Kruskal’s Algorithm
A greedy-algorithms algorithm that builds a minimum spanning tree by sorting all edges and adding the cheapest one that does not form a cycle, until V-1 edges are chosen.
Why it matters
Kruskal is the go-to MST method for sparse graphs given as an edge list — exactly the shape of network-design, clustering, and “connect everything cheaply” problems. It pairs beautifully with union-find: the only non-trivial question — “would this edge create a cycle?” — becomes an O(α(n)) find. The whole algorithm is a clean illustration of why the greedy cut property yields a globally optimal tree.
How it works
Process edges from lightest to heaviest; accept an edge only if its endpoints are currently in different components.
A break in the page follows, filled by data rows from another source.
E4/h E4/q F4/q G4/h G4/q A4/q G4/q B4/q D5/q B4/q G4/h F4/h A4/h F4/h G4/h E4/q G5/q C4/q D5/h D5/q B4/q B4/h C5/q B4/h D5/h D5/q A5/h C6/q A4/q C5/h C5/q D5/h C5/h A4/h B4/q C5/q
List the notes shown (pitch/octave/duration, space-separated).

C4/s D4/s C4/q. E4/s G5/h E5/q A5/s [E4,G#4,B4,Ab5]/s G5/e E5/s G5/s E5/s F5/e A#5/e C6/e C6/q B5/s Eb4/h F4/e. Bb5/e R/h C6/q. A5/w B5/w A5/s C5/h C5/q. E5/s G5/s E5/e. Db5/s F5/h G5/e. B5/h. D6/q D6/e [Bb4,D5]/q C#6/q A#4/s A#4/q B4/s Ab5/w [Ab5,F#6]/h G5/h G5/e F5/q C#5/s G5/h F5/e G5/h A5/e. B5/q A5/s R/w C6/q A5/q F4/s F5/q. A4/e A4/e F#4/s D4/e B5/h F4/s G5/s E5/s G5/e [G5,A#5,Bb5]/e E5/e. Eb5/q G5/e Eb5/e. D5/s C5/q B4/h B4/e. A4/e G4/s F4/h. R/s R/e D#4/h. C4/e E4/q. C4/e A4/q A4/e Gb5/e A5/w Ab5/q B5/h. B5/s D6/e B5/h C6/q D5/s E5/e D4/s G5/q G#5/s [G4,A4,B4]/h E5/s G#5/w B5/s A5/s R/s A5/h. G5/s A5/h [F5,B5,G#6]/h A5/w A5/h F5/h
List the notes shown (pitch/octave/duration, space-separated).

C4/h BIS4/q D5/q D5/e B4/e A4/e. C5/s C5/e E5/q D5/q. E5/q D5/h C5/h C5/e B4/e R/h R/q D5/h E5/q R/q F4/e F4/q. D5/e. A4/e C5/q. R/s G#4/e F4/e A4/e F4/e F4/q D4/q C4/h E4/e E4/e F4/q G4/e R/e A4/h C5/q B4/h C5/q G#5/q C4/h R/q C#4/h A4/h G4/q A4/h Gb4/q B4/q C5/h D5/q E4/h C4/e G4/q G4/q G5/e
| Step | Operation | Cost |
|---|---|---|
| 1 | sort all E edges by weight | O(E log E) |
| 2 | init union-find over V vertices | O(V) |
| 3 | for each edge, find both ends; if different, union + keep | O(E · α(V)) |
| 4 | stop once V-1 edges accepted | — |
sort(edges by weight)
mst = []
for (u, v, w) in edges:
if find(u) != find(v): # endpoints in different components
union(u, v)
mst.append((u, v, w))
if len(mst) == V - 1: break- Total time is O(E log E) — the sort dominates; union-find work is near-linear. Since
E ≤ V²,log E ≤ 2 log V, so it is equivalently O(E log V). - The cycle test is the heart: an edge whose endpoints share a root would close a loop, so it is discarded.
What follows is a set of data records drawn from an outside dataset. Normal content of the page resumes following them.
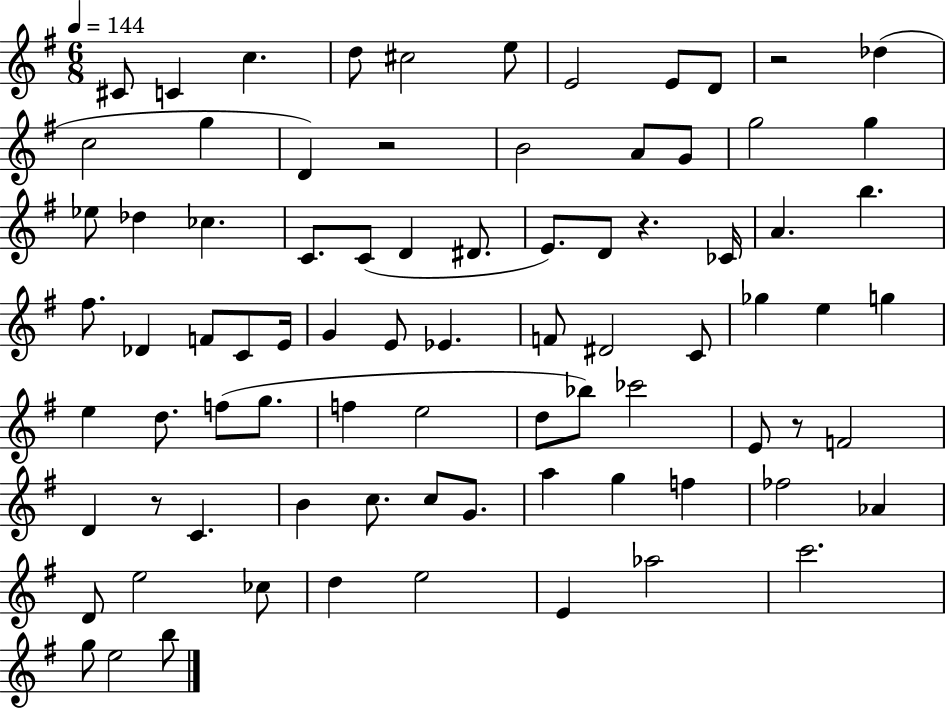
{
  \clef treble
  \numericTimeSignature
  \time 6/8
  \key g \major
  \tempo 4 = 144
  cis'8 c'4 c''4. | d''8 cis''2 e''8 | e'2 e'8 d'8 | r2 des''4( | \break c''2 g''4 | d'4) r2 | b'2 a'8 g'8 | g''2 g''4 | \break ees''8 des''4 ces''4. | c'8. c'8( d'4 dis'8. | e'8.) d'8 r4. ces'16 | a'4. b''4. | \break fis''8. des'4 f'8 c'8 e'16 | g'4 e'8 ees'4. | f'8 dis'2 c'8 | ges''4 e''4 g''4 | \break e''4 d''8. f''8( g''8. | f''4 e''2 | d''8 bes''8) ces'''2 | e'8 r8 f'2 | \break d'4 r8 c'4. | b'4 c''8. c''8 g'8. | a''4 g''4 f''4 | fes''2 aes'4 | \break d'8 e''2 ces''8 | d''4 e''2 | e'4 aes''2 | c'''2. | \break g''8 e''2 b''8 | \bar "|."
}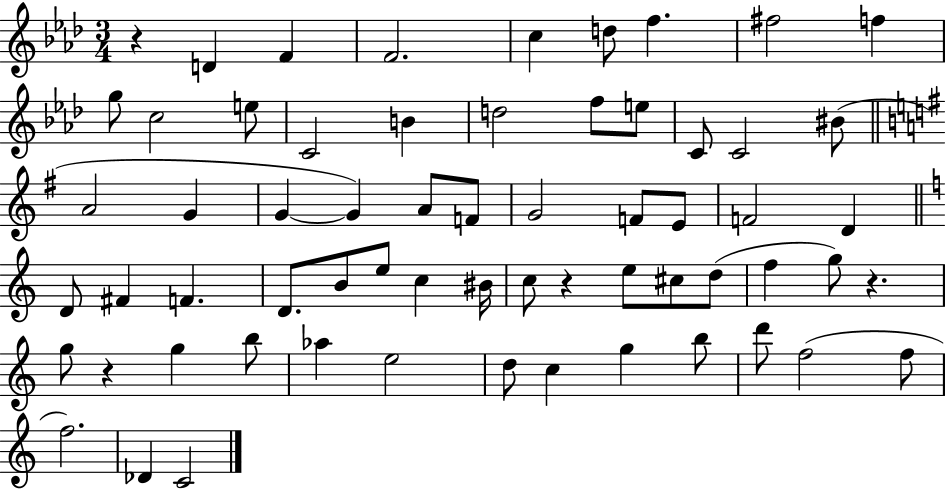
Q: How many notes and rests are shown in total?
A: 63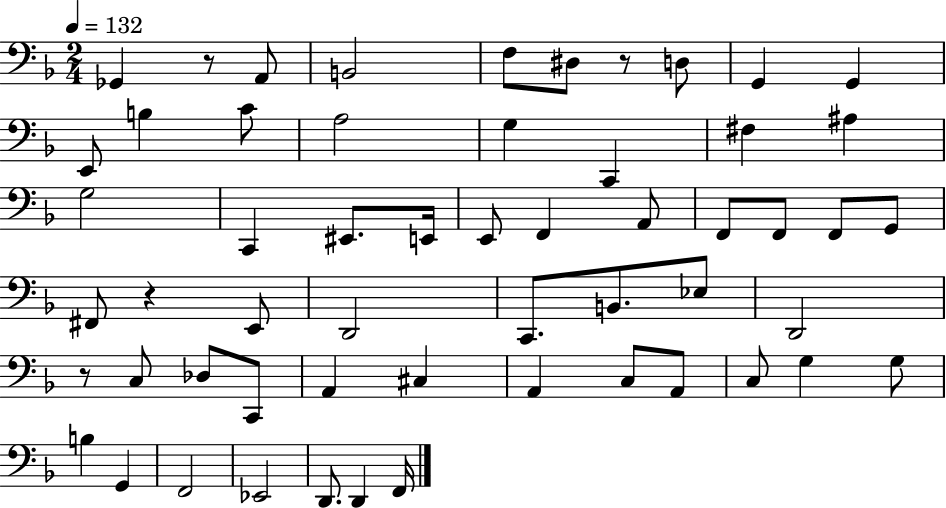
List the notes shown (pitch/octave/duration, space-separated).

Gb2/q R/e A2/e B2/h F3/e D#3/e R/e D3/e G2/q G2/q E2/e B3/q C4/e A3/h G3/q C2/q F#3/q A#3/q G3/h C2/q EIS2/e. E2/s E2/e F2/q A2/e F2/e F2/e F2/e G2/e F#2/e R/q E2/e D2/h C2/e. B2/e. Eb3/e D2/h R/e C3/e Db3/e C2/e A2/q C#3/q A2/q C3/e A2/e C3/e G3/q G3/e B3/q G2/q F2/h Eb2/h D2/e. D2/q F2/s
- If edge weights are small integers, replace the comparison sort with a counting/radix sort to approach O(E).
Example
Five vertices 0..4, edges (0,1,1) (2,3,2) (0,2,3) (1,3,4) (3,4,5). Already sorted. Take (0,1,1)→{0,1}; take (2,3,2)→{2,3}; take (0,2,3) unions to {0,1,2,3}; (1,3,4) has find(1)==find(3) → skip (cycle); take (3,4,5)→{0,1,2,3,4}. Accepted 4 = V-1 edges, weight 1+2+3+5 = 11. Done.
Pitfalls
- Skipping union-find and checking cycles by traversal is O(VE) — the classic way to turn an O(E log E) algorithm into a timeout.
- Comparing labels (
u == v) instead of roots (find(u) == find(v)). Two distinct vertices can already be connected; only the roots reveal it. See disjoint-set-union-find. - Not stopping at
V-1edges still gives the right tree but wastes time; on a disconnected graph it instead yields a spanning forest — assert the count if you require connectivity. - Unstable tie handling does not hurt correctness (any MST is valid) but makes outputs non-deterministic across runs; sort by
(weight, u, v)if you need reproducibility.